As 2025 comes to a close, one thing is clear: operations has become the engine of transformation. In this episode of McKinsey Talks Operations (MTO), hosts Daphne Luchtenberg and Christian Johnson revisit the year’s most powerful conversations, bringing into focus five priorities shaping the future of operations: unlocking next-generation productivity, building resilience in a geopolitical and economic landscape, decarbonizing operations, transforming work with digital and gen AI, and winning with talent as the role of operations leadership continues to evolve.

The following conversation has been edited for length and clarity.

Christian Johnson: It’s been an incredible year for us here at MTO and for reinventing operations—from the rise of robotics and AI in all its forms, especially gen AI and agentic AI, to navigating tariffs and geopolitics and building greener, more resilient supply chains.

Daphne Luchtenberg: In this episode, we’re taking a step back to reflect on what we learned in 2025. At the start of the year, we set out five priorities shaping the next generation of operations—our why and our how.

Christian Johnson: On the why side, we focused on three big ambitions. The first is next-generation productivity: unlocking efficiency, innovation, and excellence through smarter collaboration models. Second, sustaining resilience: strengthening supply chains, production networks, and logistics to withstand disruption. And third, decarbonizing operations: meeting the dual mission of reducing carbon and cost through smarter capital deployment and green business building.

Daphne Luchtenberg: Achieving those ambitions requires powerful enablers—the how, if you like. That means harnessing digital and generative AI to accelerate decision-making and scale impact responsibly. And it means winning with talent: empowering people, building new capabilities, and reskilling workforces to adopt those digital tools and find new ways of working.
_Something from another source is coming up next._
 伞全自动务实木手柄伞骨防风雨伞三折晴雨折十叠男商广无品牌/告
Christian Johnson: At the center of it all is a distinctive operations strategy—one that connects innovation directly to business strategy. It’s about moving beyond cost reduction to cement operations’ role in leading resilient growth and lasting competitive advantage.

Daphne Luchtenberg: That’s the story of 2025—operations as the engine of transformation. And now, as we close out the year, let’s revisit some of the standout conversations and insights that brought these priorities to life.
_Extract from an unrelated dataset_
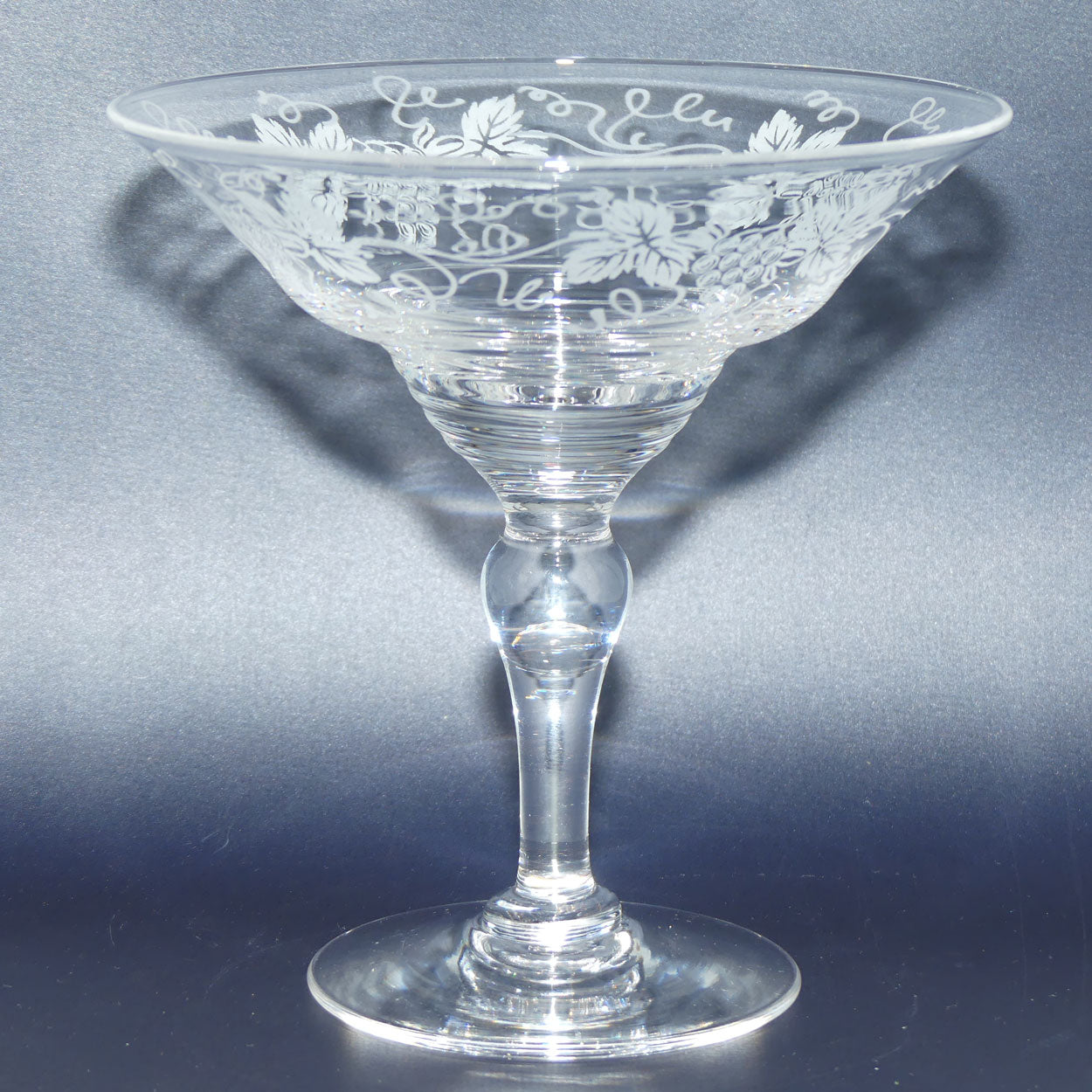 Stuart Crystal England compote | Acid Etched Grape and Vine design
Christian Johnson: 2025 began with shifting tariffs, volatile trade relationships, and big questions about how global supply chains would adapt early in the year. McKinsey’s Daniel Swan described the uncertainty coming out of 2024, reflecting on both why and how leaders could turn turbulence into productivity. Let’s listen in.

Daniel Swan: I think it’s hard to say that 2024 was anything other than an interesting year. There are three things that I’ve seen people really wrestling with consistently. The first is that it does feel like there’s a lot of uncertainty in the world today, whether that’s macro uncertainties like geopolitics and tariffs and trade, et cetera, or more of, what’s the economy going to look like? What is job growth going to look like? What is consumer spending going to look like? I think there’s been a lot of things that make it hard for people to really plan their business, plan their operations, and know exactly what moves they should make—or even what moves they should consider.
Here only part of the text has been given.